La misericordia es el rostro de Dios manifestado en Jesús, que sufre en la piel deshecha de sus hijos e hijas, que impregna de ternura la intimidad angustiada de cualquier vida hecha jirones, que abre el corazón a la alegría de ser esperados siempre y amados para siempre. San Francisco de Asís, en su Testamento, recuerda cómo Dios, a través de los leprosos que cuidaba, impregnó sus manos de misericordia: «Me parecía extremadamente amargo ver los leprosos. Y el Señor mismo me condujo entre ellos e hice misericordia con ellos. Y aquello que me parecía amargo, se me convirtió en dulzura del alma y del cuerpo».
La misericordia es el acto definitivo y supremo con el cual Dios viene a nuestro encuentro. Y tiene que ser la ley fundamental que habite en el corazón de cada persona «cuando mira con ojos sinceros al hermano que encuentra en el camino de la vida», afirmaba el Papa Francisco en Misericordiae vultus, la bula que convocó el Jubileo Extraordinario de la Misericordia el año 2015.
La misericordia es una realidad que podemos contemplar en la parábola del hijo pródigo (Lc 15,11-32), donde la riqueza del perdón alcanza cimas incomparables y donde se palpa –en plenitud– la esencia de la misericordia divina. Una parábola hecha vida especialmente para quien ya ha perdido la esperanza o para quien ha dejado de creer en la insondable profundidad del misterio del amor de Dios. Porque todo en ella, todo en sí, habla de amor: un amor, como afirma la Escritura, «compasivo y misericordioso, lento a la ira, y pródigo en amor y fidelidad» (Ex 34,6). Un abrazo, el del Padre, que encierra por completo el sentido primero y último del creer.

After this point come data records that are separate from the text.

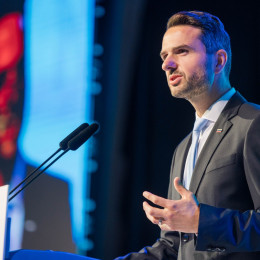 Evropski poslanec Matej Tonin (photo: Boštjan Podlogar/STA)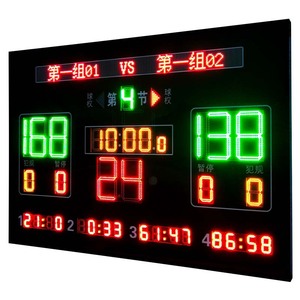 China's Outstanding Brands Wireless Basketball Electronic Scoreboard 3m With <b>Timer</b> For Indoor Sports - Product Image 1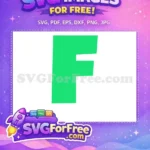 Free Green F Free Bold Font Baby Shark Party Free SVG - Instant Download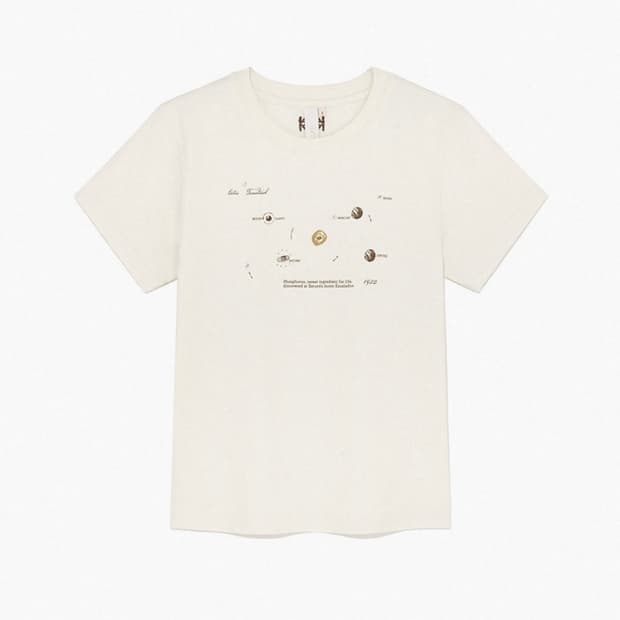 기준 반팔 티 S kijun Planet T-Shirt Off-White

El Papa Francisco, cuando proclamó el Año Jubilar de la Misericordia, recordaba que «la misericordia de Dios se transforma en indulgencia del Padre que, a través de la Esposa de Cristo, alcanza al pecador perdonado y lo libera de todo residuo y consecuencia del pecado, habilitándolo a obrar con caridad, a crecer en el amor». Un valor que, incluso, sobrepasa los confines de la Iglesia. Y nosotros, frágiles apóstoles del Evangelio, somos testigos de este precioso regalo. Lo vivimos hace unos días, al pie de la cruz, con María y con Juan, a través de las palabras que salieron de la boca del Señor: «Padre, perdónalos, porque no saben lo que hacen».
Queridos hermanos y hermanas: hoy, de la mano de santa Faustina Kowalska, estamos llamados a ser signos del primado de la misericordia. Y cuando nos fallen las fuerzas, nos aferramos a la Eucaristía, pan vivo de misericordia que sostiene nuestro camino, y a la mirada de la Virgen María, como le decimos en la Salve, Reina y Madre de misericordia. Os deseo una vivencia profunda y llena de alegría de este tiempo de Pascua.
Con la felicitación pascual recibid mi abrazo y la bendición de Dios.